柬埔寨的水上人家,幾乎一輩子都在水上生活,據(jù)說小朋友三、四歲時就會劃船,今日為我們撐篙的便是個十歲小男孩。看著他們賴以維生的船屋,我想,他們世襲的貧窮來自生活方式的代代相傳。
誰來教他們勇敢逐夢?或者,平凡地在水上度過一生,就是他們的夢想?
小偉是個風趣的男孩子,船至洞里薩湖時,他對身處碧藍湖水包圍的我介紹吳哥窟歷史,說的不止吳哥窟嚴肅的故事,還說了幾個山寨版故事。

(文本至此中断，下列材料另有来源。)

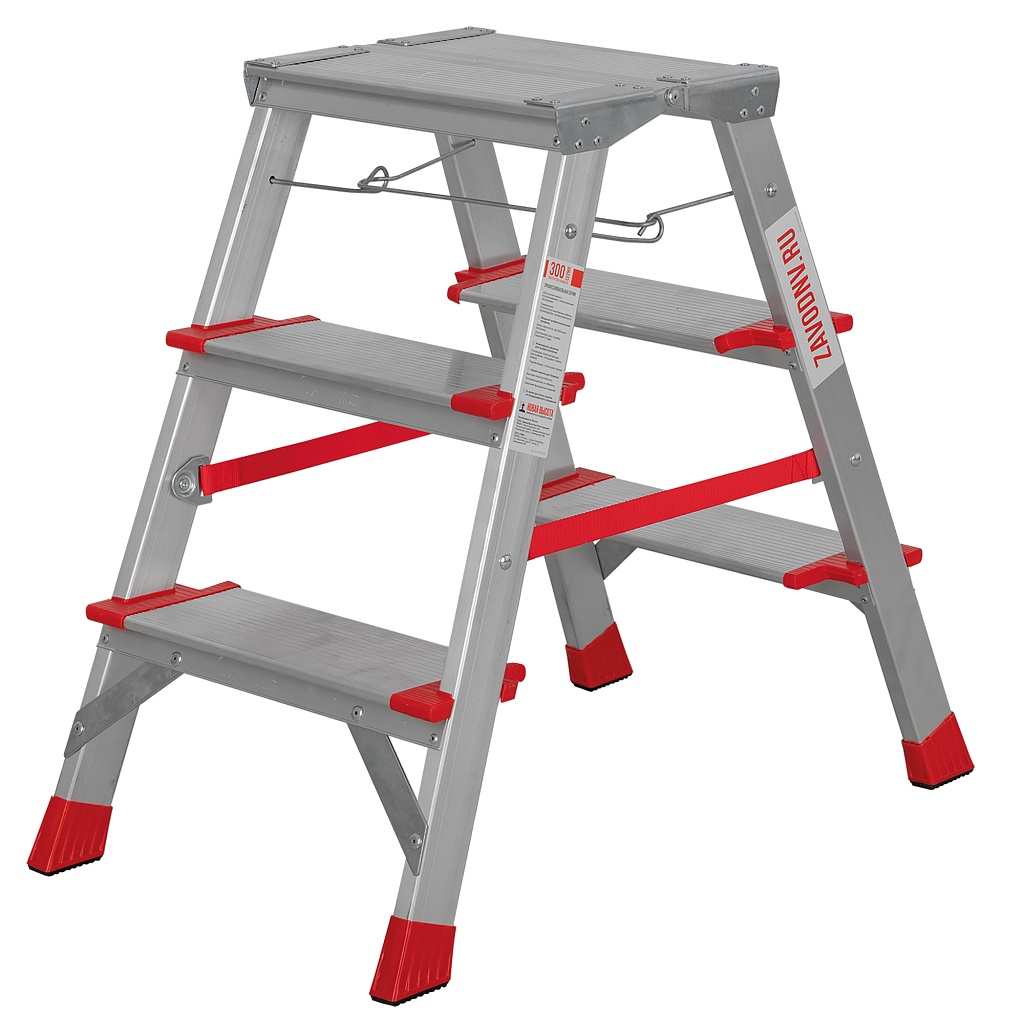 Алюминиевая стремянка со ступенями 130 мм NV 3127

例如,他說“吳哥窟”一名由來,是因一個叫“吳哥”的人拚命大“哭”,不知情的華人帶了故事回去,“吳哥哭”傳成了“吳哥窟”;又說柬埔寨有個永生神話,好戰(zhàn)的阿修羅飲下不死甘露,但甘露尚未流到肚子,頭就被眾神砍斷,憎恨日神、月神的他總追著日、月跑,偶爾將日、月吞進喉嚨,日、月會從喉嚨割斷處跑出,形成日、月蝕。
無論故事是真是假,這趟旅程總因此生動不少。
看見高棉的微笑
因小偉的建議,我在正式踏入古跡前欣賞《微笑的吳哥》歌舞史詩劇,全程真人演出,柬埔寨語發(fā)音,配以中文、韓文、英文字幕,使觀眾在炫目的雷射光影中收看吳哥王朝從建國到盛世,從傳說到風情,從過去到現(xiàn)今的點點滴滴。

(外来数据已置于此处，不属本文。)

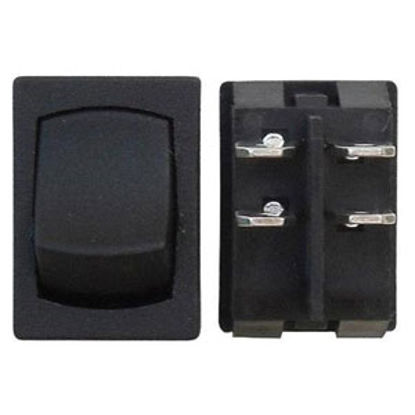 Picture of Diamond Group  Black 125V/ 16A DPST Rocker Switch For Water Pumps DG228VP 19-2927                                            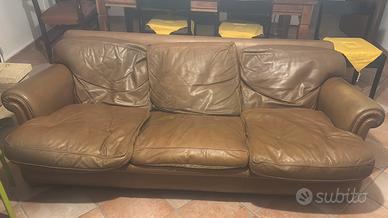 Divano poltrona Frau 3 posti modello Dream anni 80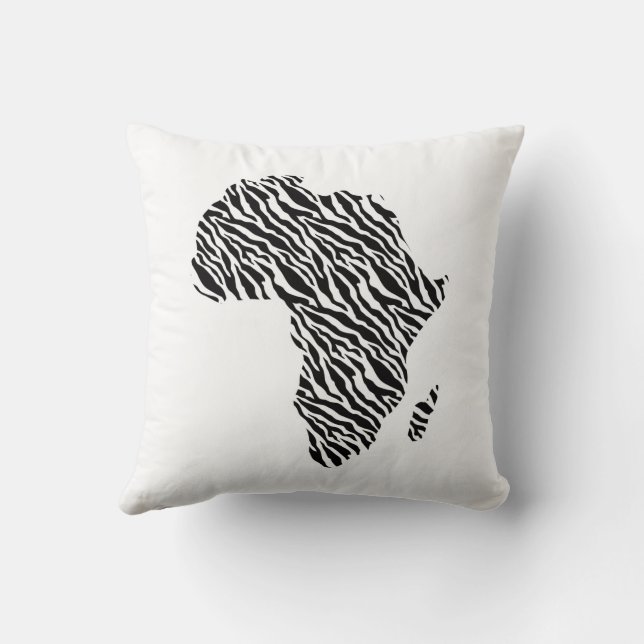 Afrika Kaart Afrikaans Pride Zebra Pattern Kussen (Achterkant)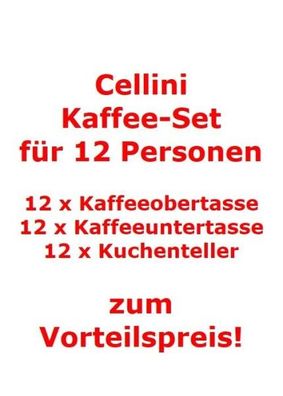 Villeroy & Boch Cellini Kaffee-Set für 12 Personen / 36 Teile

高科技的聲光饗宴,并未真令我感受到這文明古國的歷史魅力,反倒是在旅行的過程中,我才深刻體會到為何“微笑”是高棉文化的重點。
有人說,“微笑高棉”一詞得自巴戎廟,這兒有五十四座塔,每座塔四面各有微笑的雕像,總計二百一十六張笑臉,令人印象深刻。我卻認為微笑不止在此處展現(xiàn)。大吳哥城的神像在笑,巴戎廟的佛像在笑,女皇宮的浮雕在笑,它們笑了不知多少歲月,感染了生活在此的人們,至少我眼見的高棉人臉上都掛著微笑,盡管法國、日本殖民的那段歷史,不可能為他們帶來快樂。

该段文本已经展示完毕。